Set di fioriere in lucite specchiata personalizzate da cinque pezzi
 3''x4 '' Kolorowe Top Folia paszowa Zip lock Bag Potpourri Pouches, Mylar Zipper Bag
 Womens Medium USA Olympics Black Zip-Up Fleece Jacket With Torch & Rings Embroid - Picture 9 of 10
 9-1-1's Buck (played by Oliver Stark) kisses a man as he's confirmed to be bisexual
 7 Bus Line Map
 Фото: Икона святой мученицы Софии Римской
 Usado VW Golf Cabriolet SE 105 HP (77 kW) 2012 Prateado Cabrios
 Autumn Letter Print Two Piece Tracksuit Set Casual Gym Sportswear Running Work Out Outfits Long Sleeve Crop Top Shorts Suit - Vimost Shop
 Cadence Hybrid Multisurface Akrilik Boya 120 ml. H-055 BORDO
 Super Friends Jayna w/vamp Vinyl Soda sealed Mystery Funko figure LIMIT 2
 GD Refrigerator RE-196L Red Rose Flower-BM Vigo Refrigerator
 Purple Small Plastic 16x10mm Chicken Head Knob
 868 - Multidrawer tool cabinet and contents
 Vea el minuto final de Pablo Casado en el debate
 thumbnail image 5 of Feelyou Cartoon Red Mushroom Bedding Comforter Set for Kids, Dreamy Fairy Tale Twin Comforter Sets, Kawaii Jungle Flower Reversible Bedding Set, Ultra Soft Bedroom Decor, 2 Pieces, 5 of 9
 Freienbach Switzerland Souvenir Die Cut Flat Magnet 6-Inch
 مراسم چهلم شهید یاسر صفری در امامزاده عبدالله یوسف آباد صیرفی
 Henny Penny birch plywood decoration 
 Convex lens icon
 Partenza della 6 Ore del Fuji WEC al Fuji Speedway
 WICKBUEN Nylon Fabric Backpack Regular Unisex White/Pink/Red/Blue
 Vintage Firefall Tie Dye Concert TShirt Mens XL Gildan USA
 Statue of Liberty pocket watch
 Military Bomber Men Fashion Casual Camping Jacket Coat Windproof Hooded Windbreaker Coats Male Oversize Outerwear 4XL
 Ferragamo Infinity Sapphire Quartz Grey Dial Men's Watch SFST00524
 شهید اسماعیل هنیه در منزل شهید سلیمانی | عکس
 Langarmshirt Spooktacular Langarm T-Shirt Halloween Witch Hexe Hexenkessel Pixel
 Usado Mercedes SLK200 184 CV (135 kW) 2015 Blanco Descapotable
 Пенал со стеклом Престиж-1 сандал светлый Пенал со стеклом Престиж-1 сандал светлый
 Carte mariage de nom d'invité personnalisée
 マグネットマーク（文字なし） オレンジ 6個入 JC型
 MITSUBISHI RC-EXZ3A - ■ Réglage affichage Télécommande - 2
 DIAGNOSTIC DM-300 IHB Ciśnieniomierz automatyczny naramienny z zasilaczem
□ □ □ □
■ **What the exercise asks**: In the data above, find the line that contains "Freienbach Switzerland Souvenir", then reproduce exactly every line from the first line through that line.

■ **Response below**:
Set di fioriere in lucite specchiata personalizzate da cinque pezzi
 3''x4 '' Kolorowe Top Folia paszowa Zip lock Bag Potpourri Pouches, Mylar Zipper Bag
 Womens Medium USA Olympics Black Zip-Up Fleece Jacket With Torch & Rings Embroid - Picture 9 of 10
 9-1-1's Buck (played by Oliver Stark) kisses a man as he's confirmed to be bisexual
 7 Bus Line Map
 Фото: Икона святой мученицы Софии Римской
 Usado VW Golf Cabriolet SE 105 HP (77 kW) 2012 Prateado Cabrios
 Autumn Letter Print Two Piece Tracksuit Set Casual Gym Sportswear Running Work Out Outfits Long Sleeve Crop Top Shorts Suit - Vimost Shop
 Cadence Hybrid Multisurface Akrilik Boya 120 ml. H-055 BORDO
 Super Friends Jayna w/vamp Vinyl Soda sealed Mystery Funko figure LIMIT 2
 GD Refrigerator RE-196L Red Rose Flower-BM Vigo Refrigerator
 Purple Small Plastic 16x10mm Chicken Head Knob
 868 - Multidrawer tool cabinet and contents
 Vea el minuto final de Pablo Casado en el debate
 thumbnail image 5 of Feelyou Cartoon Red Mushroom Bedding Comforter Set for Kids, Dreamy Fairy Tale Twin Comforter Sets, Kawaii Jungle Flower Reversible Bedding Set, Ultra Soft Bedroom Decor, 2 Pieces, 5 of 9
 Freienbach Switzerland Souvenir Die Cut Flat Magnet 6-Inch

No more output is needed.